ERBIL - The Kurdistan Regional Government's (KRG) Coordinator for International Advocacy has responded to a Human Rights Watch report accusing the Kurdish security forces of mistreating young Islamic State (IS) detainees.
HRW released a report on Tuesday in which it claimed that the Kurdistan Region security (Asayish) has tortured children between the ages of 14 to 17 into giving untrue confessions during interrogations, also accusing the Kurdish authorities of not giving the young detainees the access to attorneys.
It claimed that it had interviewed 20 children who were convicted of having ties with the jihadist group at the Women and Children's Reformatory in Kurdistan Region's Erbil province in November, last year.
"KRG security authorities in Erbil have not received any complaints of ill-treatment and torture from the ISIS child detainees," Dindar Zebari, the KRG’s Coordinator for International Advocacy, said in a statement on his Twitter account on Tuesday.
Zebari stressed that they will not tolerate any such mistreatment towards the detainees and that there has not been any so far.

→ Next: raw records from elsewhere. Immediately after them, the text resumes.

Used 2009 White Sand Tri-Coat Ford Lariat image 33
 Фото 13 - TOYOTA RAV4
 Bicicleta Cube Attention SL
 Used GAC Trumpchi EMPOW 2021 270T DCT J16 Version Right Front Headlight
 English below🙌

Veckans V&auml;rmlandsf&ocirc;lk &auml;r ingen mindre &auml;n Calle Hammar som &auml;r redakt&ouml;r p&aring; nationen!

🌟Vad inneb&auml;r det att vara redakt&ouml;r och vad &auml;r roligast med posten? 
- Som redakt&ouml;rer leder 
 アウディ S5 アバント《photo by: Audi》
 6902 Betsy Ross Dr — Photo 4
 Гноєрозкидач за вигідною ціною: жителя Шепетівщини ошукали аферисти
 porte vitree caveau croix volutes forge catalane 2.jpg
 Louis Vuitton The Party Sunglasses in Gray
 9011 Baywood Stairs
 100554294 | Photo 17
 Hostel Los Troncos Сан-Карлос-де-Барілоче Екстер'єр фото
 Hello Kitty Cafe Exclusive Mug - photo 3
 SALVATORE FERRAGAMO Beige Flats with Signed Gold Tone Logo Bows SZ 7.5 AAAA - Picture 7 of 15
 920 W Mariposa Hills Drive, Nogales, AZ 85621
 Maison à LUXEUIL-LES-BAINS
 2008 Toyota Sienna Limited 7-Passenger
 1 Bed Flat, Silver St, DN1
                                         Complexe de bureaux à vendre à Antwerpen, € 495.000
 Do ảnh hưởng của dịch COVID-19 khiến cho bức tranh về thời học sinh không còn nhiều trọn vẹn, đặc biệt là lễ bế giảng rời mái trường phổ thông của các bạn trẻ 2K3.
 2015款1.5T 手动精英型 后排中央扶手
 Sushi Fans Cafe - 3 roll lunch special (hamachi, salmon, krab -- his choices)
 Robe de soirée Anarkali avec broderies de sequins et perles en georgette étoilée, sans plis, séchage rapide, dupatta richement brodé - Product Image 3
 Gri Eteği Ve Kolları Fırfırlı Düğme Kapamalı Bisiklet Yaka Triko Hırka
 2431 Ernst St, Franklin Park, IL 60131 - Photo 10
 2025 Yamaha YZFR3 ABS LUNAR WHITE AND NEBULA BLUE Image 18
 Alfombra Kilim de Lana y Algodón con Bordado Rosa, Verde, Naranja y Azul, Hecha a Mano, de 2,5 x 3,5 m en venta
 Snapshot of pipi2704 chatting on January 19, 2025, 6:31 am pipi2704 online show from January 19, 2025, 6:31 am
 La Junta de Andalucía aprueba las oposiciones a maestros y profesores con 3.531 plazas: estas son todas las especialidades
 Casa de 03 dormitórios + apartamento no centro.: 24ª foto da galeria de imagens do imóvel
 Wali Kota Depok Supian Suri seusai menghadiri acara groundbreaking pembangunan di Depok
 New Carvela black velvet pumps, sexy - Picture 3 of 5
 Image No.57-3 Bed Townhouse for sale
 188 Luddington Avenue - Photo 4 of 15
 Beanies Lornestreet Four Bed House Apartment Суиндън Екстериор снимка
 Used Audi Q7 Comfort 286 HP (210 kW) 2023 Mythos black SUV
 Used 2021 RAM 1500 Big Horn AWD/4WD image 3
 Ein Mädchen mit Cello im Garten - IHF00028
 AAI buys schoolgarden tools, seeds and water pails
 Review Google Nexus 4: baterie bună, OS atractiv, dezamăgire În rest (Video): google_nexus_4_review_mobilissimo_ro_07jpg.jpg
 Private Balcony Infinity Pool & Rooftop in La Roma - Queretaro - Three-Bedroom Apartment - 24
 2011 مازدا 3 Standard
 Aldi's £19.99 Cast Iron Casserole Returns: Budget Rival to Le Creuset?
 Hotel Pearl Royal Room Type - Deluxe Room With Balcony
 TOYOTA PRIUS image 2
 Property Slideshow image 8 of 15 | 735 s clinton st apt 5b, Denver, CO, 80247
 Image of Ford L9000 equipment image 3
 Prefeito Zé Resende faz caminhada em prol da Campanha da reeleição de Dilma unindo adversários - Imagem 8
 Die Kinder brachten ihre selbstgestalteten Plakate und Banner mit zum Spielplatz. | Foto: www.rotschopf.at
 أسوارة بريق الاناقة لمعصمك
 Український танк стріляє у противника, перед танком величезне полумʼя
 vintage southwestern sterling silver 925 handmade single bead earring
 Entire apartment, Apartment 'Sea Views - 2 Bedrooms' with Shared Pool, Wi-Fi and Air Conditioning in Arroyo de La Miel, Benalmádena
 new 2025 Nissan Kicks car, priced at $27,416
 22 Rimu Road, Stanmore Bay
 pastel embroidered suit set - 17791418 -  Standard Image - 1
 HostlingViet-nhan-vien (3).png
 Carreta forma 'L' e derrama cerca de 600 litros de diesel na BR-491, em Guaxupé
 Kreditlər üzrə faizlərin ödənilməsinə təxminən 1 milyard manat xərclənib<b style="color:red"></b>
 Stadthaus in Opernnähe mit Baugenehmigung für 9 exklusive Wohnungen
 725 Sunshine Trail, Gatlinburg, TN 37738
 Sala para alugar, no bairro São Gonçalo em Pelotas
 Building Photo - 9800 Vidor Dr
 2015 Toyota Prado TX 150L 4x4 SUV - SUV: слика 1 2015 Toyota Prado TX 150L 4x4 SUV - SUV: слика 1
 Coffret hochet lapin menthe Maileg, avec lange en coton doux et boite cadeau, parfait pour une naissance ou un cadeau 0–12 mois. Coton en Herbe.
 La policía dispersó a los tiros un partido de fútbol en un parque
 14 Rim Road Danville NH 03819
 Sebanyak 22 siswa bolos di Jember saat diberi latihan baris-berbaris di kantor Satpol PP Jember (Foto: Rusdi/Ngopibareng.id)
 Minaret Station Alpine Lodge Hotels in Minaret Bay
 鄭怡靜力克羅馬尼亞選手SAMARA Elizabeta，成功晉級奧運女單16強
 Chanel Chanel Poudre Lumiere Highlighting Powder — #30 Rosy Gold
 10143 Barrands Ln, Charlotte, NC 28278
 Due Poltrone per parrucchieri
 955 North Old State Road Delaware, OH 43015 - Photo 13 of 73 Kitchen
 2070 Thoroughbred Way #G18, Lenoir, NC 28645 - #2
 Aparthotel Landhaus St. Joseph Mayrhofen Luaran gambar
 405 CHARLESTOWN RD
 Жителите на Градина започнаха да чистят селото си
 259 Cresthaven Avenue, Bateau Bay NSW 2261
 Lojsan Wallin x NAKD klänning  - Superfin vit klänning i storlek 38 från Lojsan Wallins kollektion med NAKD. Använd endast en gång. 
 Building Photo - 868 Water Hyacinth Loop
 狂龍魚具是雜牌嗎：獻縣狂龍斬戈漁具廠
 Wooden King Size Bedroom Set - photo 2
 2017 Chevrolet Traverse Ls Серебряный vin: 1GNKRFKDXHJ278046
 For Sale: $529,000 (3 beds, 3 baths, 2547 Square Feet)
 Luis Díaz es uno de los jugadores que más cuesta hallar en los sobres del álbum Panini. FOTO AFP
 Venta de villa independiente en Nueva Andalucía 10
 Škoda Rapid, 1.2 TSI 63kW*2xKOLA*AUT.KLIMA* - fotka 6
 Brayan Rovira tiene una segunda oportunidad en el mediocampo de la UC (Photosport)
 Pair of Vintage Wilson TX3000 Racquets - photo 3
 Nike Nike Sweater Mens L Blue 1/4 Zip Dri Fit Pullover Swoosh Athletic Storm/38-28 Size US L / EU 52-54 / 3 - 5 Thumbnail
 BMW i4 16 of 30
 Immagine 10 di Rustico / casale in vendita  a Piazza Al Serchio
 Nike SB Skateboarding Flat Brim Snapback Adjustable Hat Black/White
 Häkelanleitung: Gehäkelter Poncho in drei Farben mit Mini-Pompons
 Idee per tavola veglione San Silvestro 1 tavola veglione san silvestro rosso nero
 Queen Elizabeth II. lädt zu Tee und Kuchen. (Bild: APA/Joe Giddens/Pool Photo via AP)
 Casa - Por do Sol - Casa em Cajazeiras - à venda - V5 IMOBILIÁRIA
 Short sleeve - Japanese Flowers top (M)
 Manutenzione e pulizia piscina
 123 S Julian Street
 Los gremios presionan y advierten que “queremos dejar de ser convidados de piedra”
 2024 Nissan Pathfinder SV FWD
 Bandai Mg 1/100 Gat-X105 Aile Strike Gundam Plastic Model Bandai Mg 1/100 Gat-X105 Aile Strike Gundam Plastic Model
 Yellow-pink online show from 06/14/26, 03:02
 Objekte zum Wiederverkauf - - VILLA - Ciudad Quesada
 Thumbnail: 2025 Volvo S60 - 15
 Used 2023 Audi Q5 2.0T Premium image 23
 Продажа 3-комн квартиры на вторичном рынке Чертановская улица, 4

"Ill treatment of children or juveniles on behalf of the security or police department is not tolerable or permissible."
The official further explained that when the militant group of IS overran a vast area in Iraq, hundreds of IDPs and Syrian refugees fled to the Kurdistan Region and that it was hard to differentiate between the ordinary civilians and those who had secret ties with the IS.
"For this reason, we had to take certain security measures in order to ensure the security of the people of Kurdistan Region, civilians, the IDPs, and the Syrian refugees as well, but some local and international organizations repeatedly accused the region of mistreating the detainees," he concluded.